PROBLEM REQUIREMENTS ::
Copy the lines below, word for word, from the first through the line containing "Massivholztisch aus Eiche". Leave the pictures out.

(Short descriptive text snippets)
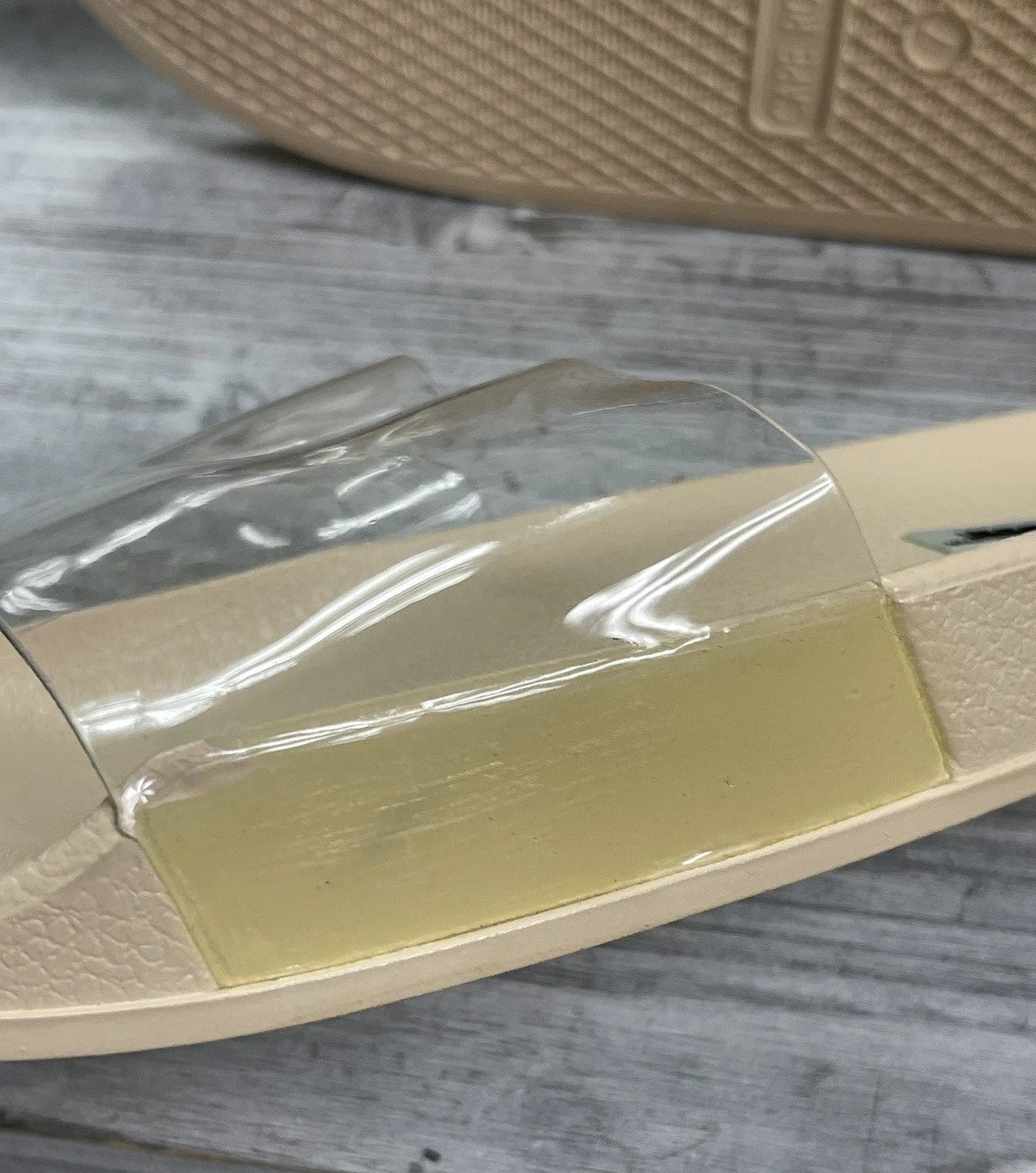 Cape Robbin Clear & Tan Strap Slides Sandals Beach Slip On Flats Mules - Size 7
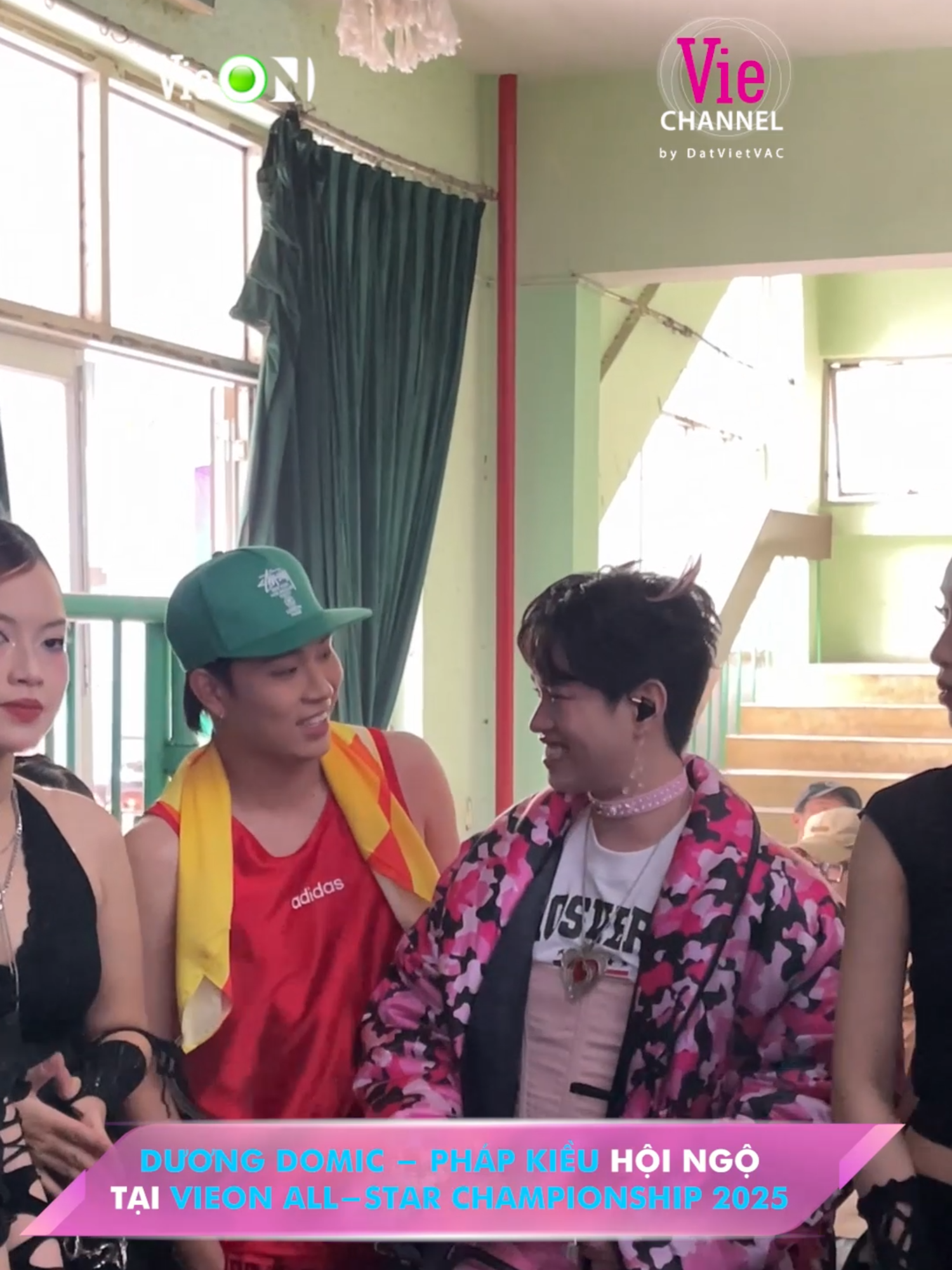Nghe đồn ảnh bị kẹt xe  #VieON #VieONAllStarChampionship #VieON5Years #EmXinhSayHi #EmXinh #EXSH #VieChannel #DatVietVAC #DUONGDOMIC #PHAPKIEU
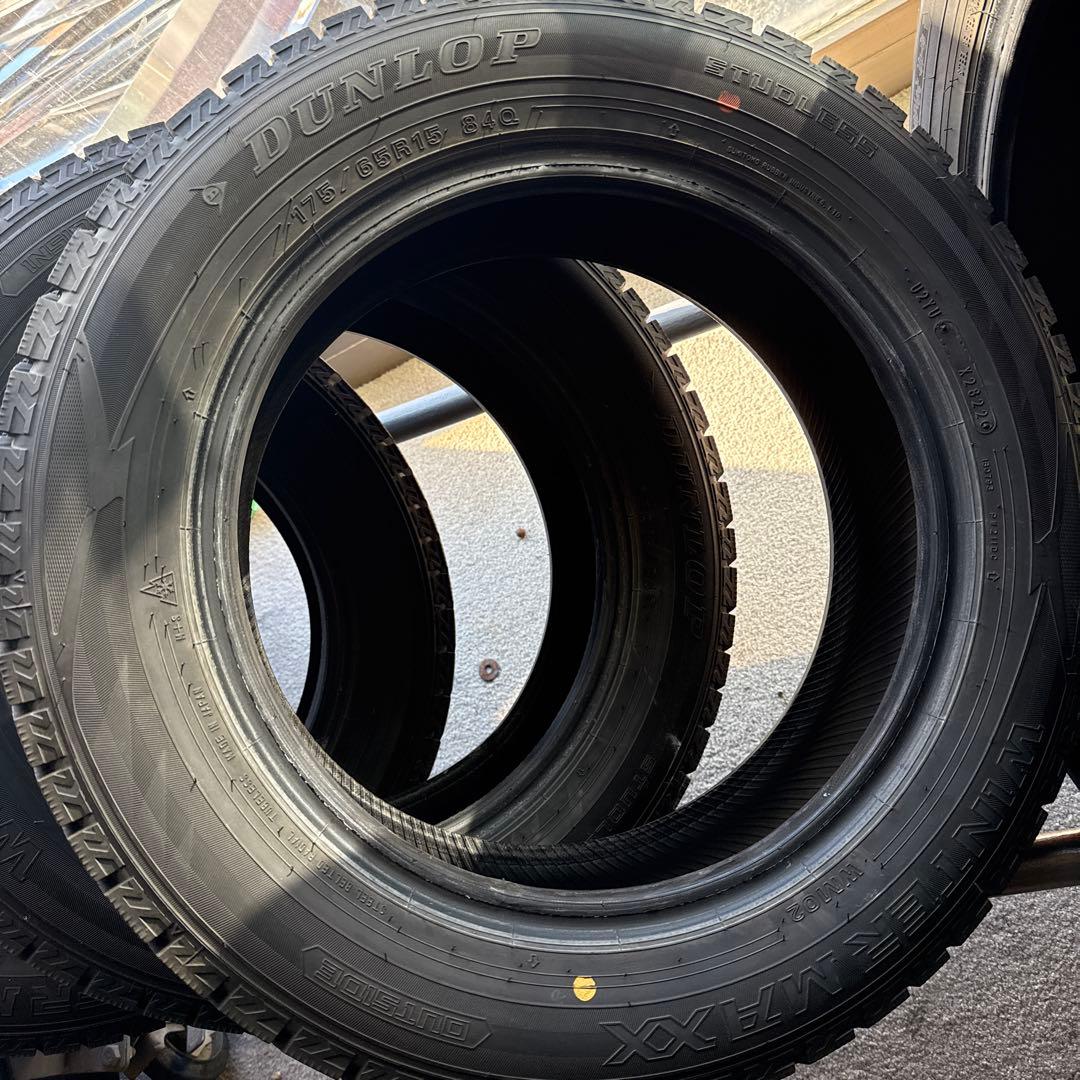 175/65R15 ダンロップ WM02 スタッドレス 2022年製 4本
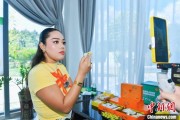 晋江泰国主播品三亚榴莲：“尝到了家乡味”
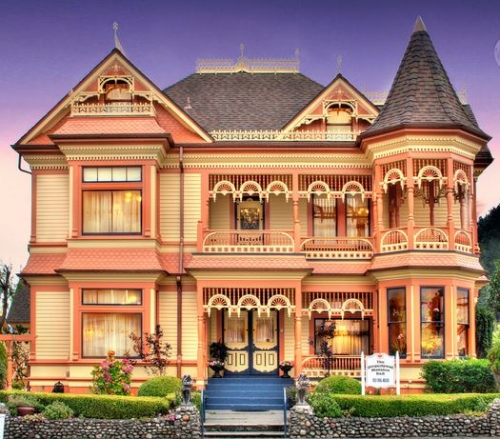 Gingerbread Mansion Inn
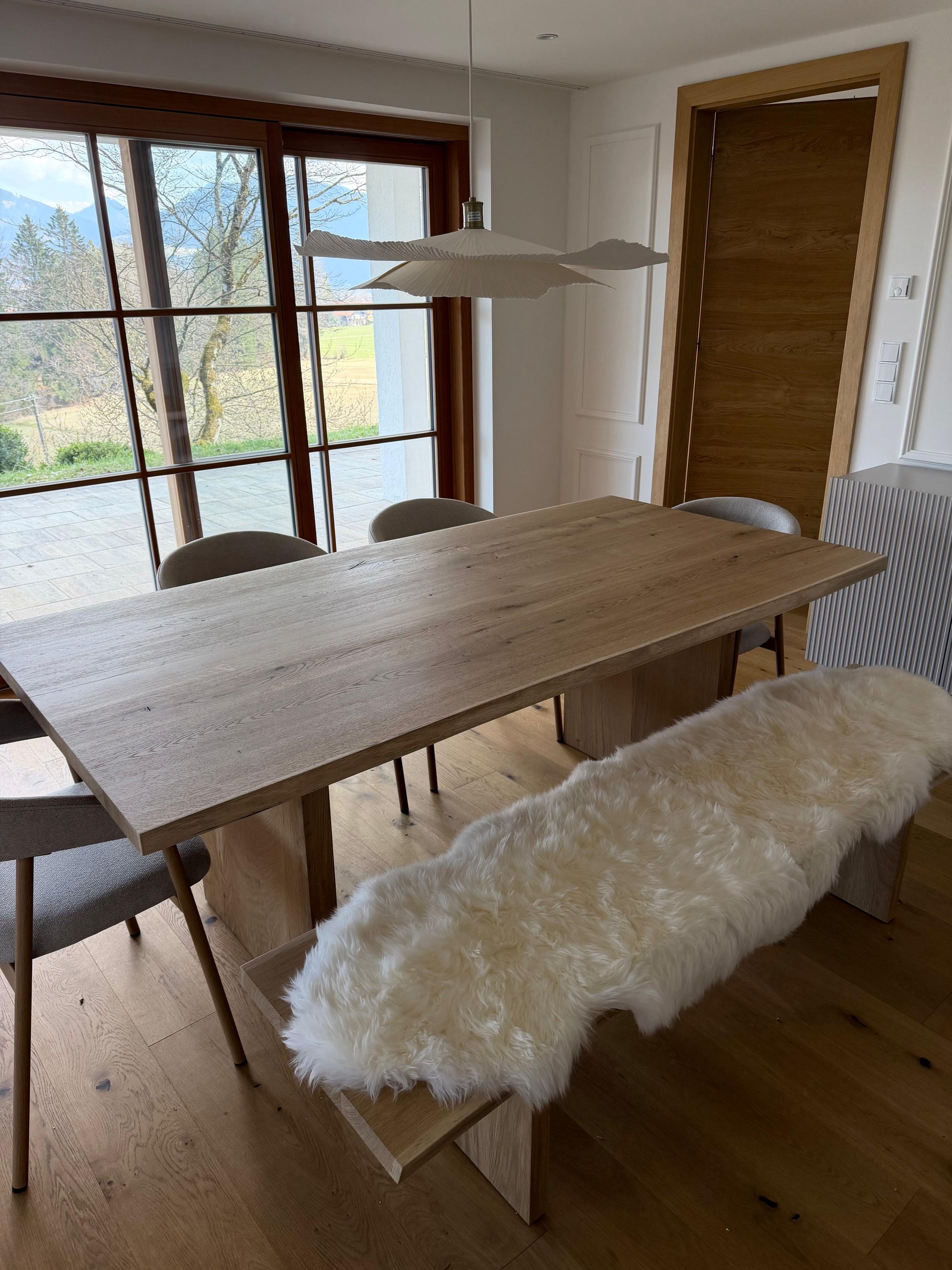 Massivholztisch aus Eiche von Holzwerk Hamburg, naturbelassenes Holz mit glatter Oberfläche, ideal für Esszimmer.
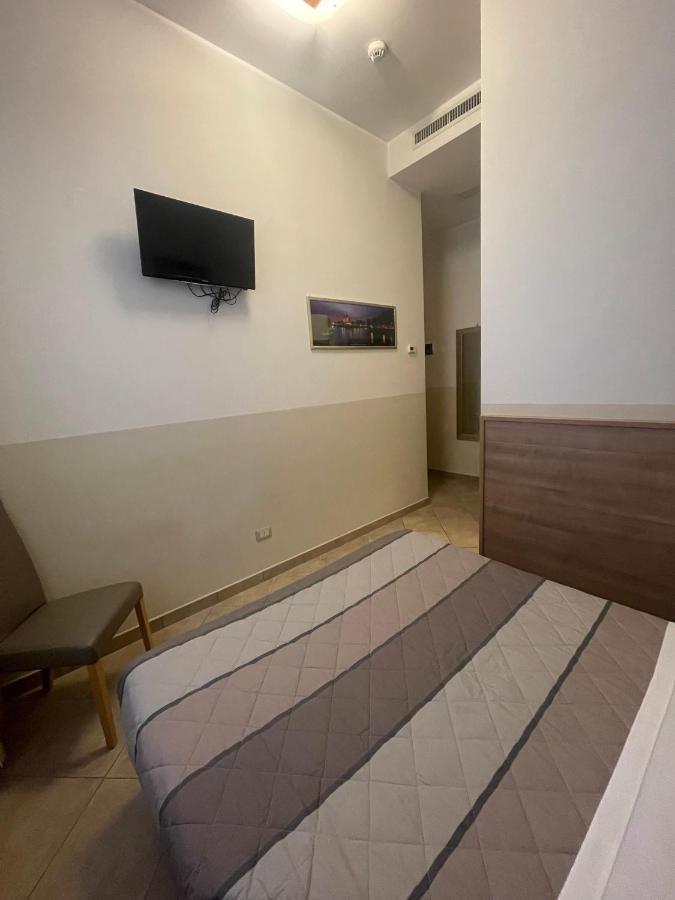 Hotel Montecarlo Milano Esterno foto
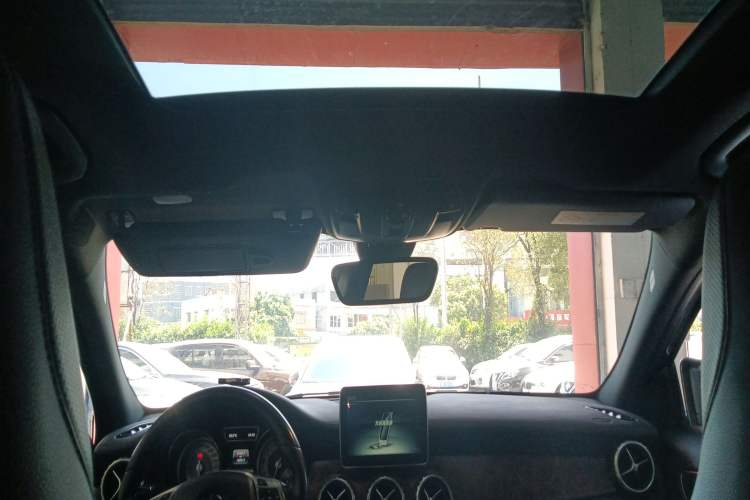 Used Mercedes-Benz GLA 2016 GLA 260 4MATIC Sport Edition Headliner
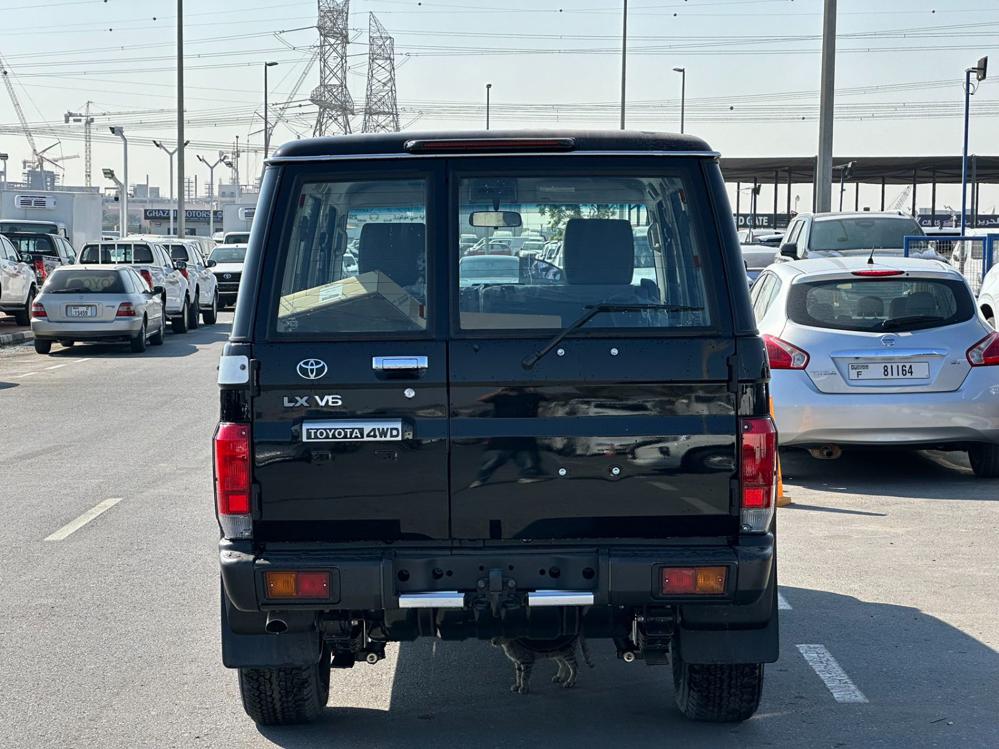 2024款丰田LC76 4.0L 自动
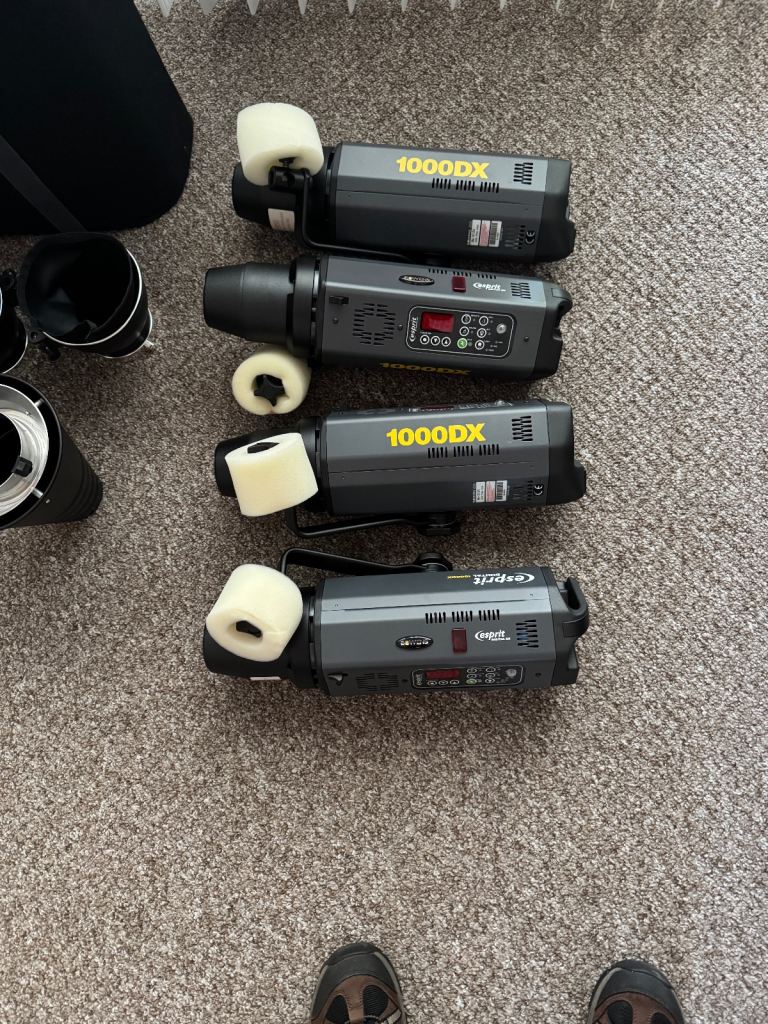 Complete Studio Flash System , as new and working! Four Bowens 1000DX heads included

RESPONSE AREA ::
 Cape Robbin Clear & Tan Strap Slides Sandals Beach Slip On Flats Mules - Size 7
Nghe đồn ảnh bị kẹt xe  #VieON #VieONAllStarChampionship #VieON5Years #EmXinhSayHi #EmXinh #EXSH #VieChannel #DatVietVAC #DUONGDOMIC #PHAPKIEU
 175/65R15 ダンロップ WM02 スタッドレス 2022年製 4本
 晋江泰国主播品三亚榴莲：“尝到了家乡味”
 Gingerbread Mansion Inn
 Massivholztisch aus Eiche von Holzwerk Hamburg, naturbelassenes Holz mit glatter Oberfläche, ideal für Esszimmer.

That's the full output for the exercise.